Este libro –Construir pueblo. Hegemonía y radicalización de la democracia, publicado por Icaria–, puede ser leído con la misma facilidad y con el mismo placer que una novela, una novela en la que dos personajes conocidos mantienen una larga conversación sobre asuntos de política y de historia de nuestro país.

 

Pero, dado que tanto Chantal Mouffe como Íñigo Errejón son profesores de Teoría Política, se trata de una conversación que contiene algunos conceptos teóricos no evidentes por sí mismos. Gramsci está en la base de todo, pero también algunos autores de lo que se ha denominado como postestructuralismo. En la medida en que las conclusiones de ese diálogo reposan sobre esos conceptos, y en la medida en que la discusión política hoy en día se ha convertido de nuevo en un territorio apasionante (sin duda, gracias a Podemos), he considerado interesante señalarlos y analizarlos para poder seguir pensando, no sólo las situaciones que nos proponen, sino otras que se nos puedan presentar.

 

El primero de ellos es el concepto de “esencialismo”. La batalla que llevan a cabo Errejón y Mouffe contra el esencialismo consiste en asumir la crítica que Gramsci hace del materialismo histórico, tal y como fue formulado en su día por el marxismo clásico. El materialismo marxista considera que la economía determina la historia de las sociedades, porque determina la identidad de los sujetos a través de su posición en la producción: pertenecer a una clase social es el dato original a partir del cual los individuos se identifican con una política que representa sus intereses. Puesto que, en los análisis de Marx, el proletariado es la clase social que puede superar las contradicciones del capitalismo –y pese a ser sólo una clase y no toda la población–, encarna un proyecto universal: el desarrollo humano hacia un mundo mejor.

 

La concepción esencialista, dice Mouffe al principio de esta conversación, “veía la existencia de las identidades políticas como previas a su articulación discursiva”. Lo que esta “articulación discursiva” significa puede iluminarse con lo que escribió Gramsci en sus Cuadernos: “No es la estructura económica la que determina directamente la acción política, sino la interpretación que se da de ella”. Es decir, el discurso de la política, la interpretación que los argumentos políticos dan de una situación concreta es lo que determina la existencia de unas identidades políticas, de unos proyectos políticos en los que los individuos se reconocen.
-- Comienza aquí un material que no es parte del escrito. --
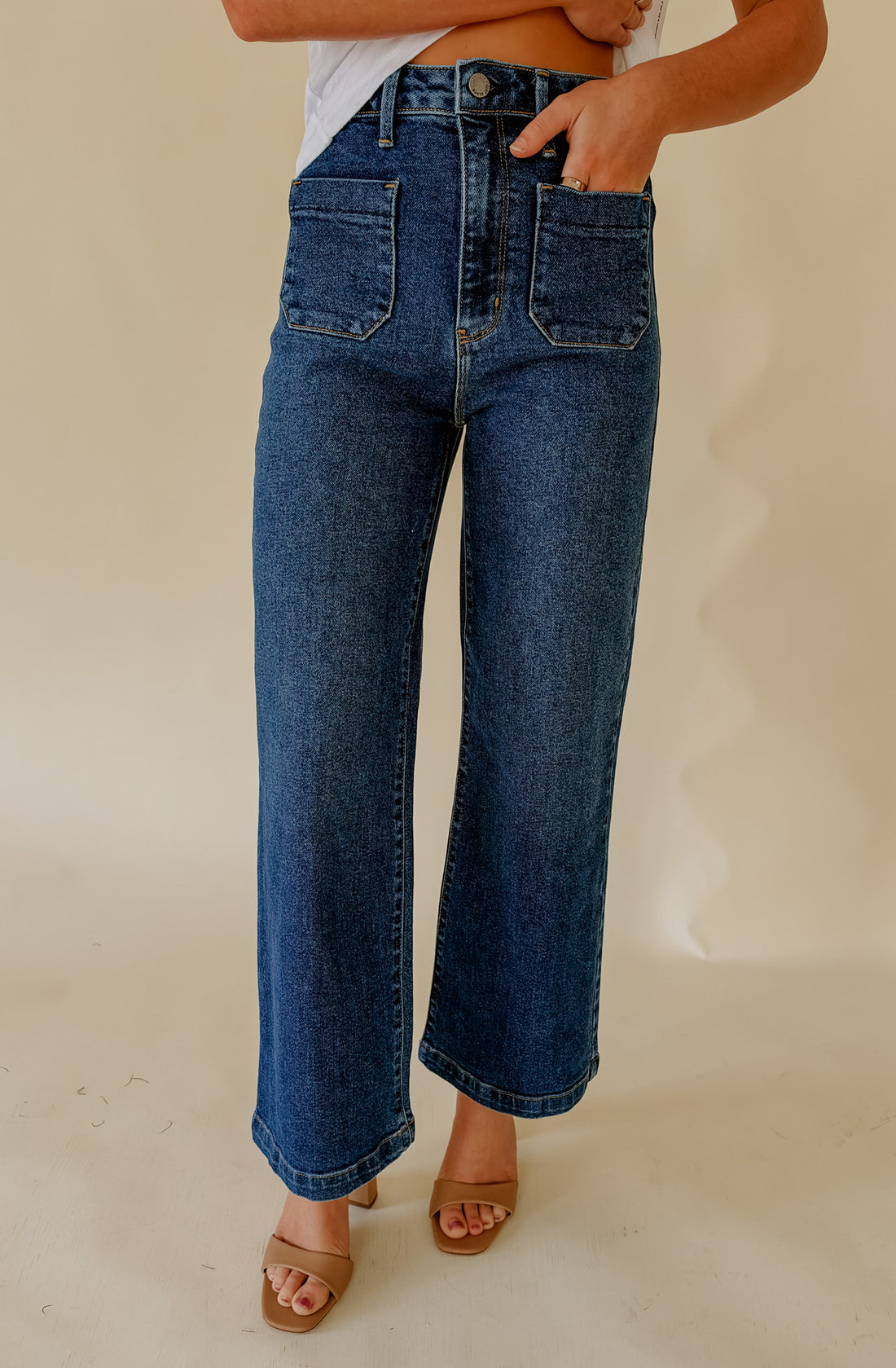 JUST BLACK PATCH POCKET WIDE LEG DENIM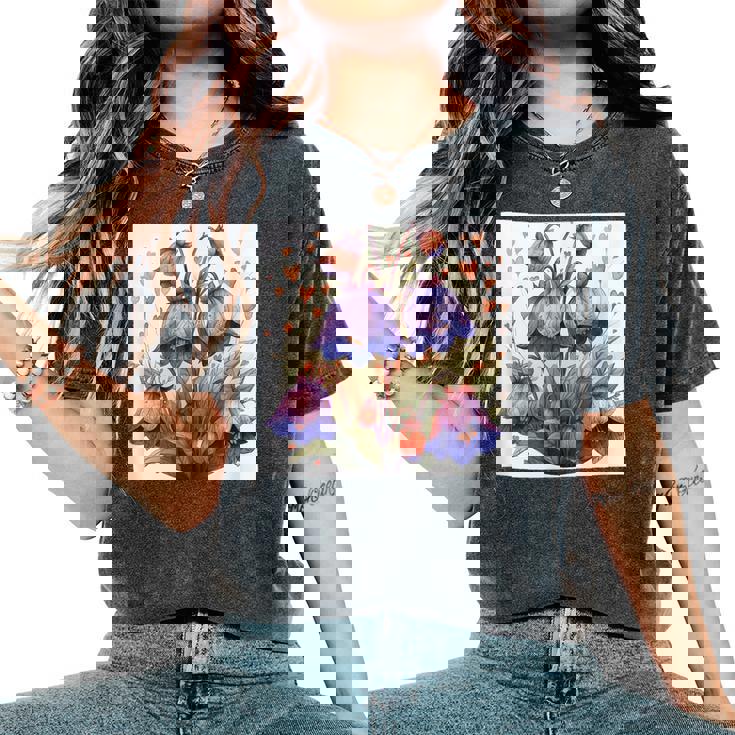 Epimedium Fiore Con Cuori Intorno Stile Boho Grafica T-shirt comoda oversize da donna
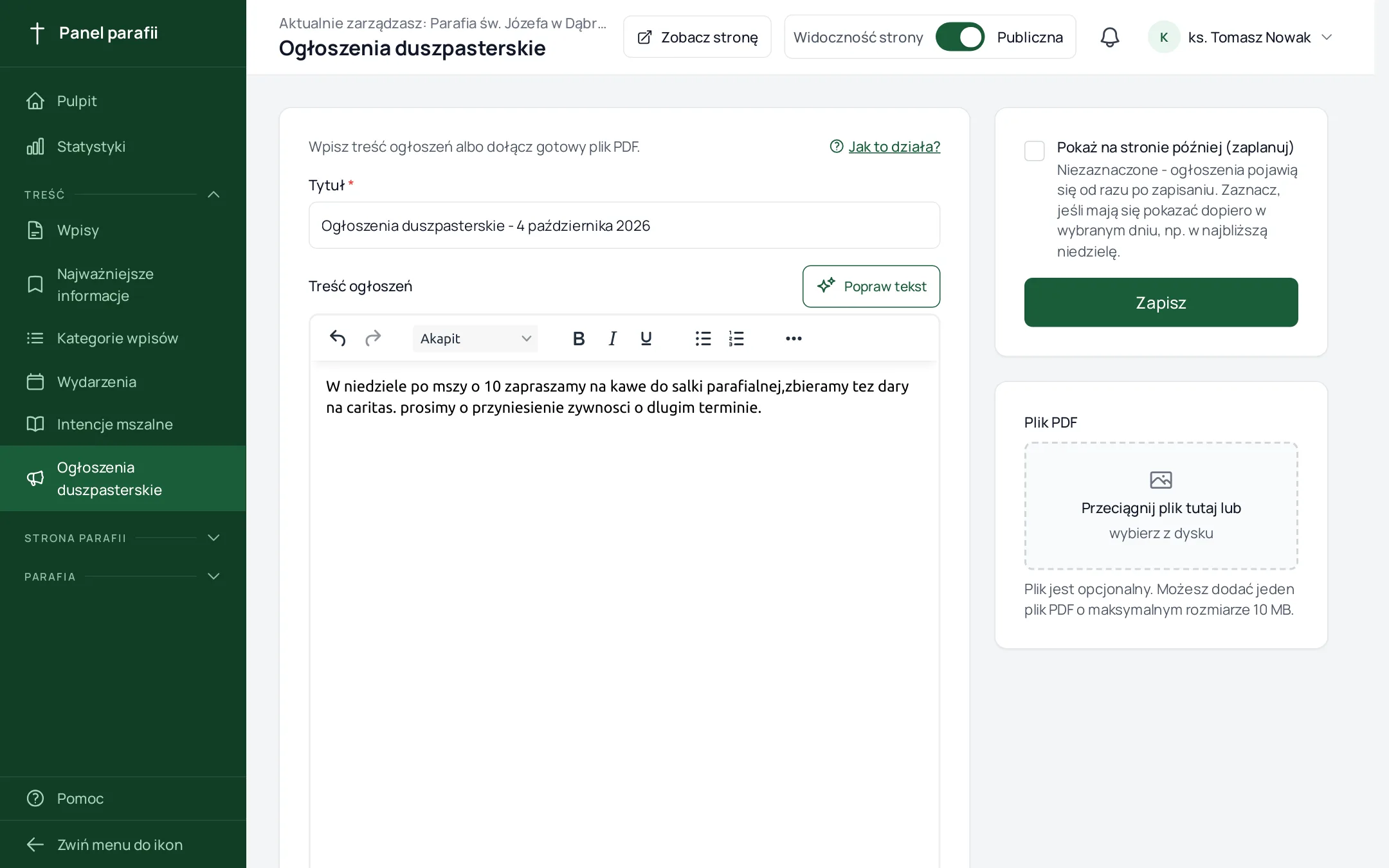 przycisk „Popraw tekst” pod polem treści ogłoszenia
La política, pues, antes que la economía.

 

Que Gramsci, a tenor de lo que dicen quienes lo han estudiado, no haya nunca utilizado el concepto de alienación para analizar la realidad, es una muestra clarísima de que lo que dice se aleja francamente de la ortodoxia marxista. En efecto, el marxismo clásico tuvo que crear una teoría de la alienación que permitiera explicar por qué muchos individuos que eran clase obrera actuaban, pensaban y votaban en contra de sus intereses. ¿Si son obreros –se decía–, si ese es su ser de clase, por qué no se identifican con una política de clase? La respuesta de Gramsci no necesita hablar de la alienación como engaño de la ideología dominante, sino que emplea la idea de que la política es hegemonía: si la hegemonía la detenta el sector financiero y capitalista, aun cuando las clases desfavorecidas sean mucho más numerosas, en estas no se producirá una identificación masiva con una política que se plantee tomar el poder contra quienes las oprimen y explotan.

 

“Hegemonía” es el concepto con el que Errejón y Mouffe nos invitan a pensar la política y la historia. A las mujeres (no sé si así dicho en general, pero por lo menos a las mujeres feministas) no nos resulta difícil entender en qué consiste la hegemonía, por la sencilla razón de que el patriarcado ha sido hegemónico –y todavía no se ha acabado– durante siglos y siglos. “Hegemonía” significa dominio ejercido mediante la persuasión y el consenso. Aun cuando en algunos momentos el dominio del patriarcado se ha servido de la fuerza, lo bien cierto es que no hubiera podido durar tanto tiempo si no hubiera sido por la complicidad y el acuerdo también de las mujeres.

 

¿Cómo puede ser que un punto de vista particular sobre el mundo (como es el punto de vista patriarcal, o el punto de vista del liberalismo económico) se imponga de tal manera que acabe siendo el punto de vista mayoritario (tanto de hombres como de mujeres, tanto de los banqueros como de los trabajadores)? Foucault tiene una respuesta: porque el punto de vista, las gafas con las que miramos la realidad, no se perciben, y lo que se ve a través de ellas no se toma como lo que las gafas nos permiten ver, sino como la realidad misma de lo que es. Errejón dice que todo orden trata de naturalizarse. Un orden hegemónico ha convertido en natural su punto de vista, haciendo que no aparezca como punto de vista sino como visión de la realidad: nos pone ante los ojos lo que tenemos que ver y sostiene que eso es lo que hay.

 

Pero la pregunta sigue en pie. ¿Cómo lo han conseguido? ¿Cómo han hecho los varones durante siglos para hacer que se adoptara su concepción del mundo misógina y que ni siquiera se reconociera como una concepción particular? ¿Cómo ha hecho el neoliberalismo para que la inmensa mayoría hayamos deseado enriquecernos, consumir continuamente y vivir con ese modelo de desarrollo como un ideal? Errejón y Mouffe hablan de, al menos, dos procedimientos: la configuración de un sentido común y la creación de las identidades.

 

El sentido común nos hace reconocer lo que es evidente y compartirlo con las personas de nuestro alrededor. Las subjetividades nos permiten identificarnos y saber quiénes y qué somos. Cada momento histórico permite ver y reconocer unas cosas. Para el hablante, para el que percibe, no hay más juego que el que las reglas del juego le permiten decir y percibir. Entrar en el juego, pertenecer a una sociedad, significa hablar como los demás y ver como los demás. La sociedad –concuerdan Errejón y Mouffe– es un espacio discursivo y las identidades son una construcción.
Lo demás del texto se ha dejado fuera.